The wineries and monasteries of the Montserrat region are some of Catalonia’s greatest treasures


On of the most impressive wineries in the world is about an hour's drive from Barcelona. Here the Torres family operates 15 distinct vineyards - some are celebrated "single" vineyards of a particular grape - on 1,300 hectares, extending from the Penedes Mountains, down through a series of stepped plateaus, to the Mediterranean coast.

The Torres family has been producing wine here since 1800; the current baron is Miguel Torres. Torres runs a kind of empire, exporting wine and some spirits to 120 countries. As well as this vast spread in Spanish Catalonia, the family owns thousands of wine-producing hectares in Chile and California.

At B.C. liquor stores you can pay between $14.50 and $65 for Torres wines, the latter being a cabernet sauvignon from its Catalonian Mas La Plana vineyard.

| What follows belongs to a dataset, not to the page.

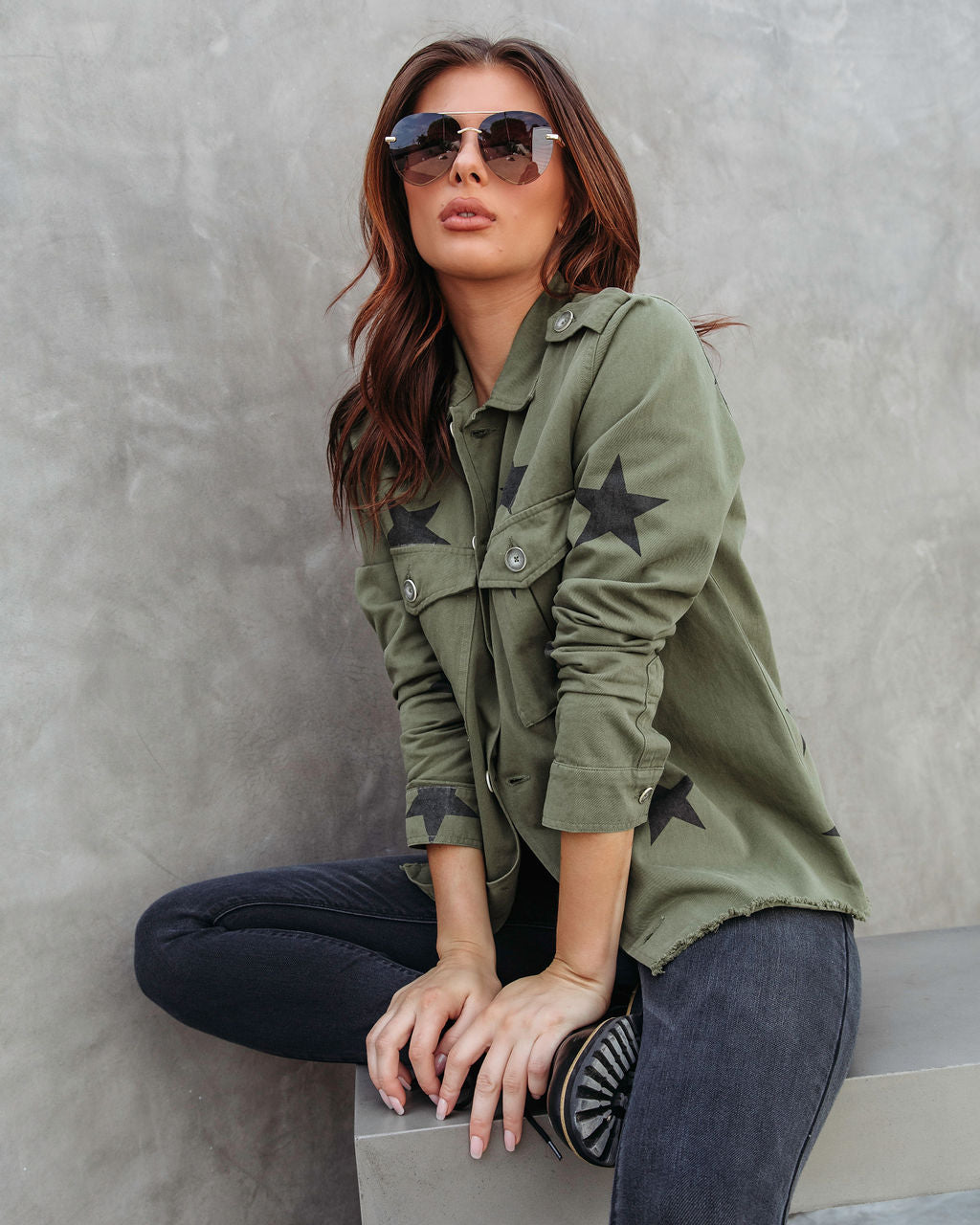 All Aligned Frayed Star Jacket - Olive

In 1970, Torres shook up the wine world when one of these Mas La Plana cab-sauvs beat out all its competitors at a kind of wine Olympiad in France. Since then it's been, well, nothing but up. At the same time, Torres has enhanced its reputation by pioneering conservation and environmental issues in Spain and abroad, even at the loss of major grape yields.

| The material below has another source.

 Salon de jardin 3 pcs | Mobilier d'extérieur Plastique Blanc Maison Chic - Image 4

At Torres, a mini-train ride takes visitors through lower-level vineyards and a tunnel that, with a multi-media presentation, replicates the year-round life of the estate. Our winery host, Lluis Canellas (despite his name, he's French: "In Spain they tell me it's my one flaw," he laughed), took us through tastings that included a gewürztraminer, chardonnay, cabernet sauvignon, merlot and others. Near the end of our visit (by now the conversation was pretty spirited), Canellas disappeared, eventually returning with a particularly superior vintage of the Mas La Plana. I haven't forgotten it.

From the higher reaches of the Torres estate, you can see a series of rounded sandstone spires standing alone on the plain. This is Montserrat (meaning "serrated mountain"), an important symbol and place of pilgrimage for Catalonian Spaniards.

It's an hour drive northwest from Torres to Montserrat. Up close the mountains look otherworldly, like bulbous pillars. For that reason, and the presence of crevices and caves, these mountains attracted hermits. An image of Mary is said to have been found in a cave in 880 AD. A Benedictine monastery began to take shape a century later.

Today Montserrat remains a functioning monastery with a world-famous boys' choir. It's also an impressive architectural site, reached by a funicular railway. As well, it's the base for trails and climbs to remote caves and chapels.

On the monastery level, 750 metres above sea level, with spectacular views over the plain, stands a large complex, including hotel and restaurants. An exceptional gallery features works of Impressionists and Expressionists including Picasso and Dali, but as importantly, paintings by significant but less widely known Catalan modernists - artists with names like Rusinol, Casas, Nonell and Mir.